= Aim of the exercise =
Give the whole listing below once more, exactly, without pictures.

= Information provided =
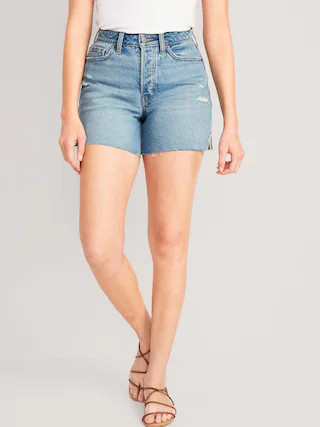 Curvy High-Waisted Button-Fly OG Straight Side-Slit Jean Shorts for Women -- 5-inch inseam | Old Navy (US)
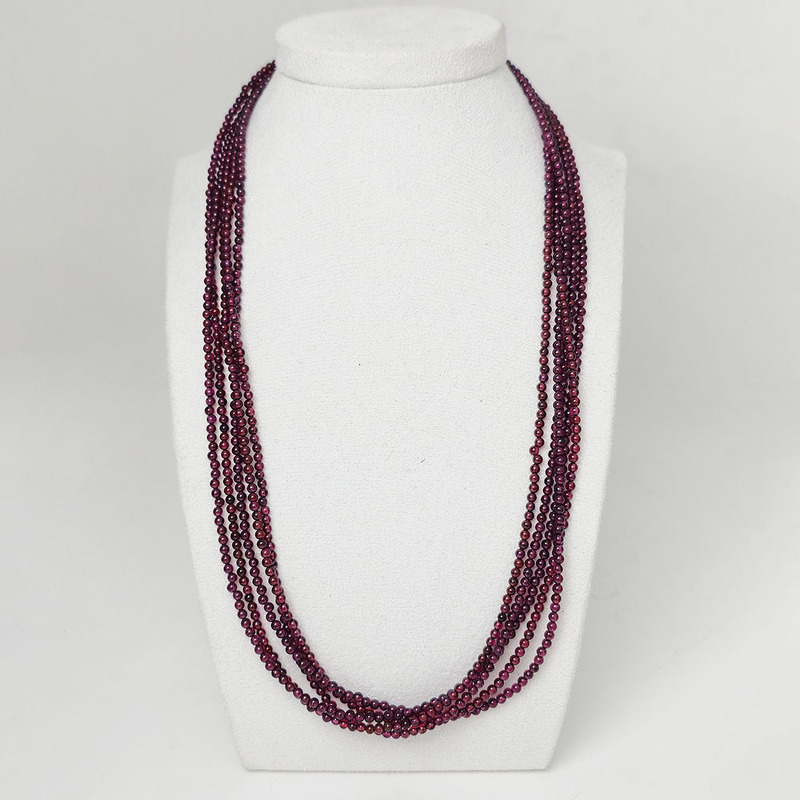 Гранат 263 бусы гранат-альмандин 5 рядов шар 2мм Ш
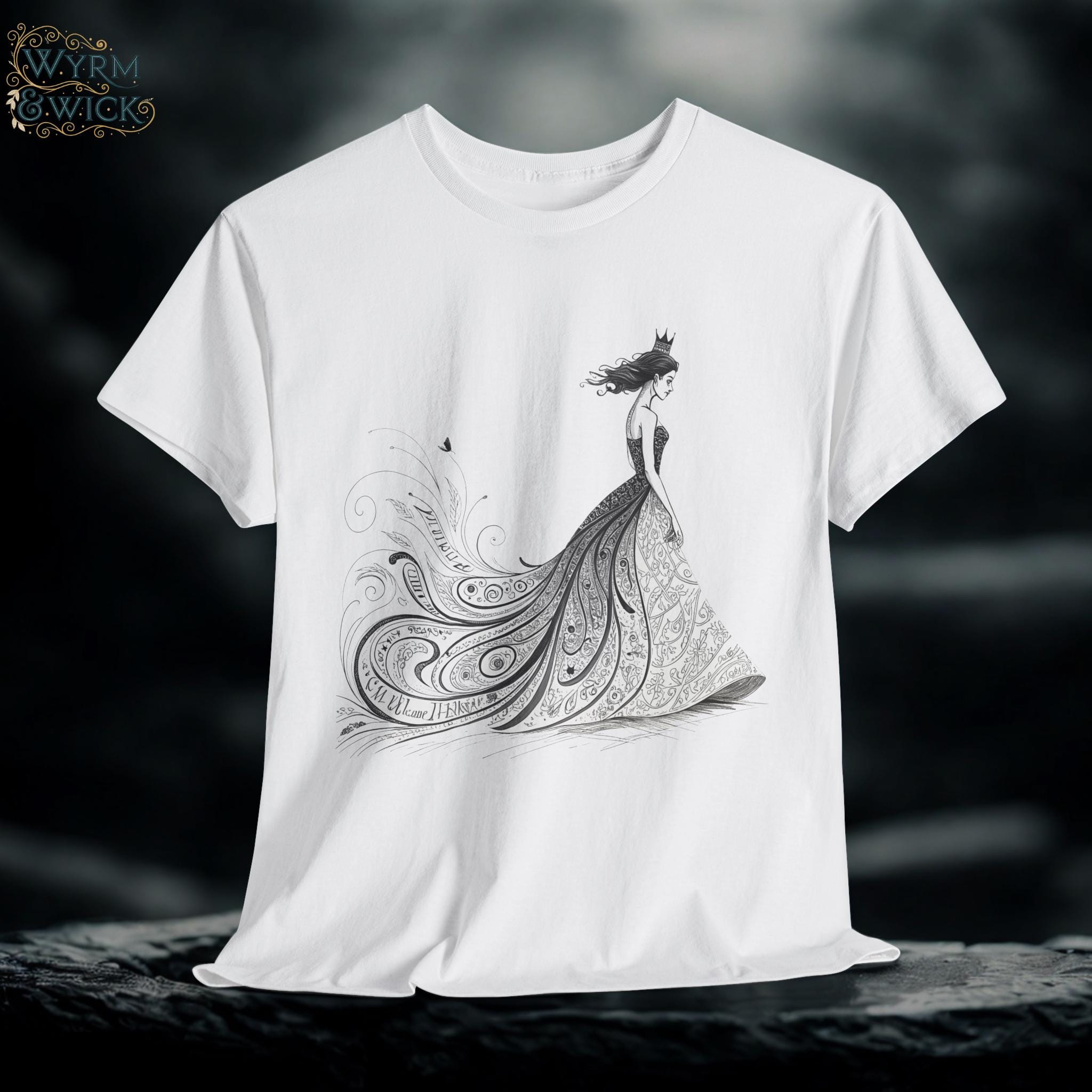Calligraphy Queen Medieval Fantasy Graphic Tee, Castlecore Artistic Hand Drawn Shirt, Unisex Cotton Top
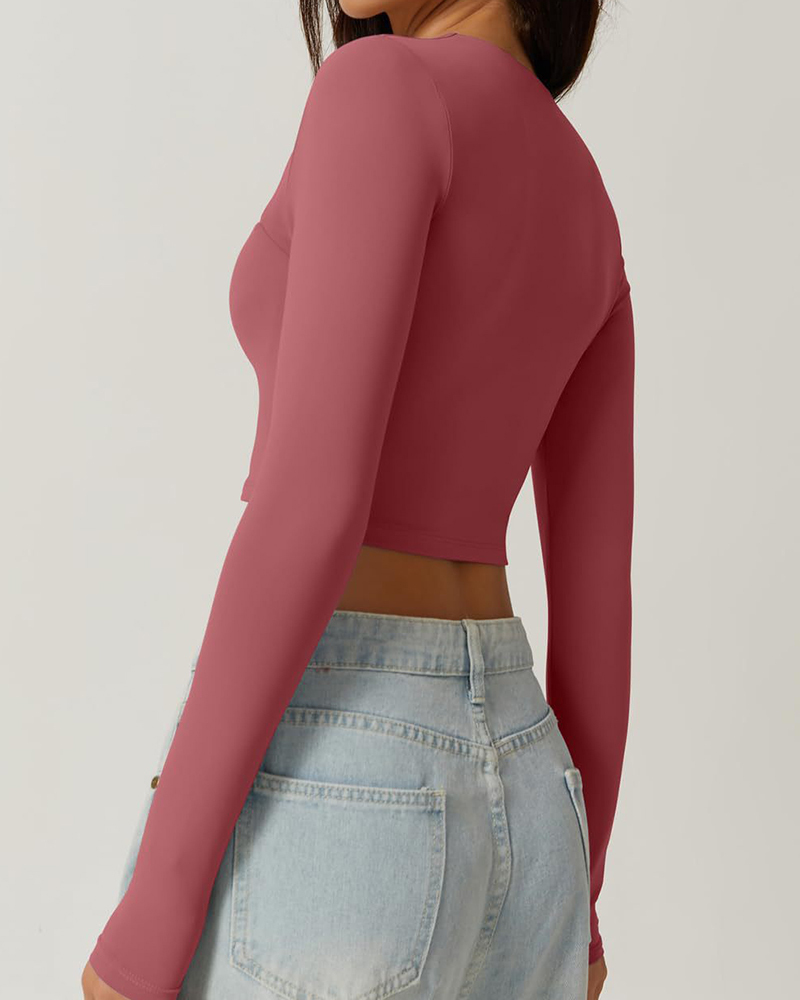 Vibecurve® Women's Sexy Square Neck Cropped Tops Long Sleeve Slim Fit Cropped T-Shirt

= Result of the task =
 Curvy High-Waisted Button-Fly OG Straight Side-Slit Jean Shorts for Women -- 5-inch inseam | Old Navy (US)
 Гранат 263 бусы гранат-альмандин 5 рядов шар 2мм Ш
Calligraphy Queen Medieval Fantasy Graphic Tee, Castlecore Artistic Hand Drawn Shirt, Unisex Cotton Top
 Vibecurve® Women's Sexy Square Neck Cropped Tops Long Sleeve Slim Fit Cropped T-Shirt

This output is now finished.